5. Vers 1530, l’attitude de Luther à l’égard des juifs a changé. Il est inquiet d’une judaïsation du christianisme, craignant que la tolérance des juifs ne suscite la colère de Dieu. Il croit la fin des temps proche et annoncée par l’émergence de forces anti-christiques telles que les juifs et la papauté. Luther prône alors dans ses écrits anti-juifs des mesures inhumaines. En 1543 il propose de brûler les synagogues, les écoles et les livres des juifs, d’interdire l’enseignement des rabbins ainsi que l’usure. Nous rejetons catégoriquement ces propositions abominables qui, hélas, seront reprises sous d’autres auspices en d’autres temps.
6. Par la suite, on s’est inspiré plus ou moins dans les Églises luthériennes des points de vue de Luther. On s’est référé à son attitude des débuts, amicale envers les juifs, pour prôner la tolérance à leur égard, ou encore pour la mission auprès des juifs. À l’époque contemporaine, certains ont utilisé ses écrits tardifs pour justifier la haine et la persécution des juifs, mises en œuvre au temps du national-socialisme sur des bases raciales. Nous déplorons que même des chrétiens se soient laissés entraîner dans cette voie néfaste et que certains se soient référés pour cela à Luther, en contribuant à la tragédie de la Shoah.

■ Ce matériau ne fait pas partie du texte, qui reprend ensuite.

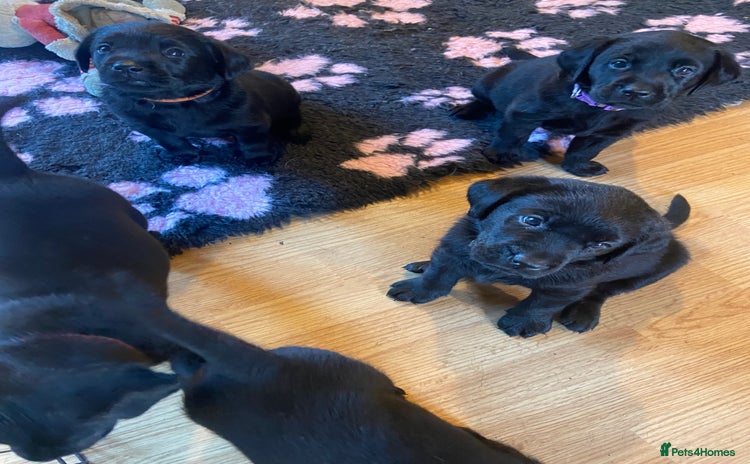 Labrador Retriever dogs - Advert 3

7. Nous rejetons résolument les invectives du Luther tardif contre les juifs. Nous partageons, protestants et juifs, la même foi dans le Dieu unique d’Abraham qui, pour les chrétiens, s’est révélé en Jésus le juif. C’est le même Dieu créateur et actif dans l’histoire, même si nous en parlons différemment. Malgré un regard différent porté sur Jésus, le judaïsme comme religion nous est plus proche que toutes les autres religions. Et « la relation de l’Église à Israël est un aspect incontournable de l’identité de l’Église »[2]. En qualifiant l’Église de peuple de Dieu, nous ne pouvons pas dénier ce même titre à Israël, lui aussi et d’abord peuple élu de Dieu, et cette élection demeure inchangée.
8. Nous savons qu’il nous faut réviser de manière critique certaines lectures de l’Ancien (ou Premier) Testament héritées de la Réformation. Nous savons aussi que l’interprétation judaïque de cet ensemble de livres peut être pour nous une aide pour en saisir toute la richesse. Nous sommes conscients de la nécessité d’entreprendre un travail de réflexion sur les stéréotypes antijuifs hérités de l’histoire et toujours présents dans notre société. Un regard critique s’impose aussi sur certaines de nos liturgies et de nos théologies héritées de la Réformation.
9. Au-delà de l’antijudaïsme religieux, l’antisémitisme gangrène jusqu’à nos jours nos sociétés et nos mentalités. Nous voulons en prendre conscience davantage et le combattre plus fortement que par le passé au sein de nos communautés et dans l’espace public.
10. Avec les juifs, nous nous savons appelés à témoigner d’un Dieu qui seul est saint, et de la dignité humaine qui s’étend aux membres les plus faibles de notre société. Et ensemble nous voulons nous engager au sein de la société avec la certitude que Dieu a besoin de chacun de nous pour rendre cette terre plus humaine, en attendant les nouveaux cieux et la nouvelle terre que Lui seul réalisera.